> [Work request] Could you show all lines in the entries below that contain the string "from"?

Web page caption snippets
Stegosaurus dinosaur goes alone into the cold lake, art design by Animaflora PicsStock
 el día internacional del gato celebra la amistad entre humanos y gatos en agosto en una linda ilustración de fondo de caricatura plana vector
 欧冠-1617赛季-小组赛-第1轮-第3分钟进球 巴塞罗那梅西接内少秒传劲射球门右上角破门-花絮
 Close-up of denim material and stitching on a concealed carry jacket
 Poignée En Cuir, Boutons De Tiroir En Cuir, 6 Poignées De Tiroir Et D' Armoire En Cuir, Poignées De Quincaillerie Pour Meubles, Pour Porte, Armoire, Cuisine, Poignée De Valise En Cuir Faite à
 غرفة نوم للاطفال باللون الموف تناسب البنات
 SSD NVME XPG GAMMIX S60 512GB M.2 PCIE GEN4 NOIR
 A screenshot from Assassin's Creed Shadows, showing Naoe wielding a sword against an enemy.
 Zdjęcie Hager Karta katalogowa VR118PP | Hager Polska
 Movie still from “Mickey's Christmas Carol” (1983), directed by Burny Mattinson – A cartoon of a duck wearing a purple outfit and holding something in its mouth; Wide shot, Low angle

> [Written answer]
 A screenshot from Assassin's Creed Shadows, showing Naoe wielding a sword against an enemy.
 Movie still from “Mickey's Christmas Carol” (1983), directed by Burny Mattinson – A cartoon of a duck wearing a purple outfit and holding something in its mouth; Wide shot, Low angle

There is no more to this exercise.